Hacker News new | ask | show | jobs
by burntsushi 2239 days ago
> The second problem is that at least the Rust code is decoding UTF-8 every iteration of the inner loop instead of decoding once and saving the result

Indeed. This is a pretty damning difference. The `target` string is being repeatedly UTF-8 decoded where as the same is not true in the Go version. The Go version even goes out of its way to do UTF-8 decoding exactly once for each of `source` and `target`, but then doesn't do the same for the Rust program.

> Implausible benchmark results are almost always an indicator of the incompetence of the person performing the benchmark.

Come on. We can do better than this. Please don't make it personal. We all have to learn things at some point.

1 comments

> Indeed. This is a pretty damning difference. The `target` string is being repeatedly UTF-8 decoded where as the same is not true in the Go version. The Go version even goes out of its way to do UTF-8 decoding exactly once for each of `source` and `target`, but then doesn't do the same for the Rust program.

I'm really not sure that's an issue, utf8 decoding is very, very cheap and it's iterating either way.

It would have to be benched, but I wouldn't be surprised if allocating the caches (at least one allocation per line of input) had way more overhead, especially given the inputs are so very short.

I'm not going to claim Rust's utf8 decoder is the fastest around, but it's very fast.

It's cheap, but not _that_ cheap. It shouldn't be as cheap as just iterating over a sequence of 32-bit integers.

But yes, I did benchmark this, even after reusing allocations, and I can't tell a difference. The benchmark is fairly noisy.

I agree with your conclusion, especially after looking at the input[1]. The strings are so small that the overhead of caching the UTF-8 decoding is probably comparable to the cost of doing UTF-8 decoding.

[1] - https://github.com/christianscott/levenshtein-distance-bench...

> It shouldn't be as cheap as just iterating over a sequence of 32-bit integers.

I wonder if there are any benchmarks about this? Specifically, it feels like in theory iterating utf8 could actually be faster if the data is mostly ascii, as that would require less memory bandwidth, and it seems like the computation is simple enough for memory to be the bottleneck (this is a wild guess, I have horrible intuition about speed of various hardware things). In this particular benchmark this reasoning doesn’t apply, as strings are short and should just fit in cache.

If all you need to do is validate UTF-8, then yes, mostly ASCII enables some nice fast paths[1].

I'm not a UTF-8 decoding specialist, but if you need to traverse rune-by-rune via an API as general as `str::chars`, then you need to do some kind of work to convert your bytes into runes. Usually this involves some kind of branching.

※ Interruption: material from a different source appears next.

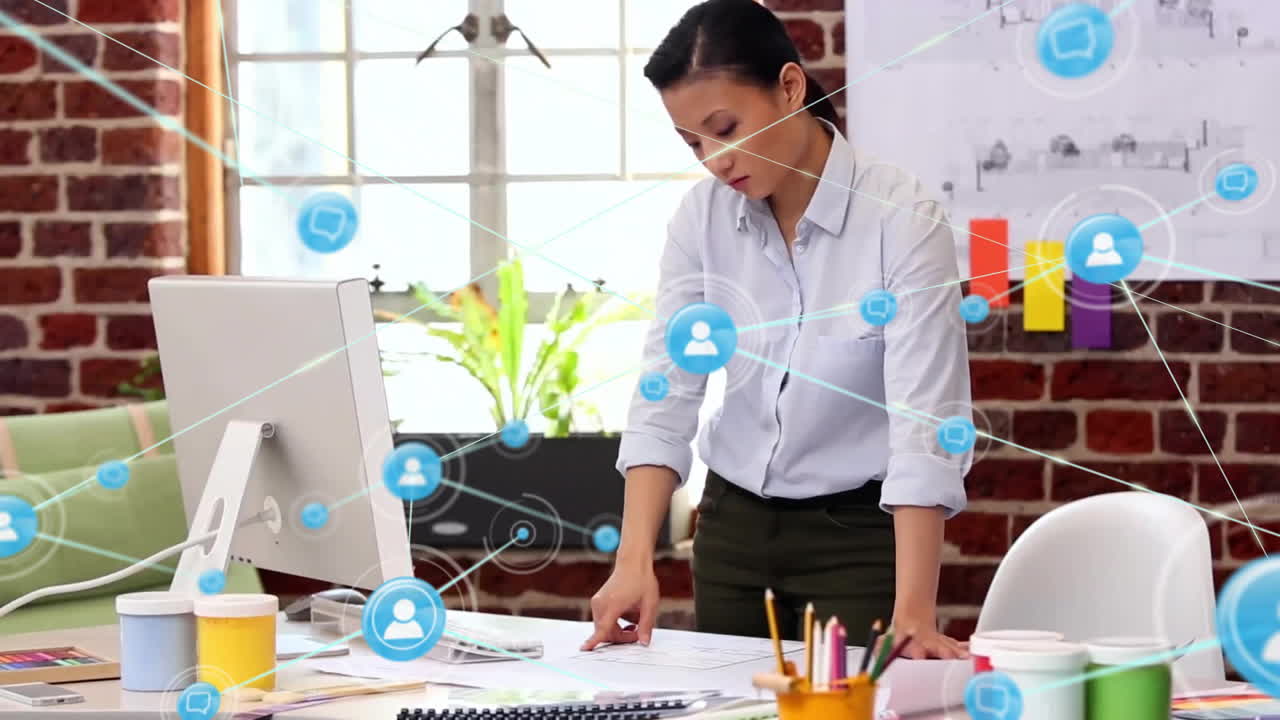 컴퓨터를 이용한 두 인종 사업가 여성에 대한 아이콘과의 연결 네트워크의 애니메이션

But no, I haven't benchmarked it. Just intuition. A better researched response to your comment would benchmark, and would probably at least do some research on whether Daniel Lemire's work[2] would be applicable. (Or, in general, whether SIMD could be used to batch the UTF-8 decoding process.)

[1] - https://github.com/BurntSushi/bstr/blob/91edb3fb3e1ef347b30e...

[2] - https://lemire.me/blog/2018/05/16/validating-utf-8-strings-u...

Did a quick benchmark: https://gist.github.com/matklad/ebc1acd2fab884f3ff9d96d4175f....

Seems like hypothesis is not wrong, but also is not interesting: the difference is pretty small, and it can be easily dwarfed by the big wins for utf32 if something like auto-vectorization or bounds-check elision kicks in. Also I am not entirely sure that the diff I observe is not due to something completely irrelevant, like one loop ending up on a lucky cacheline or what not.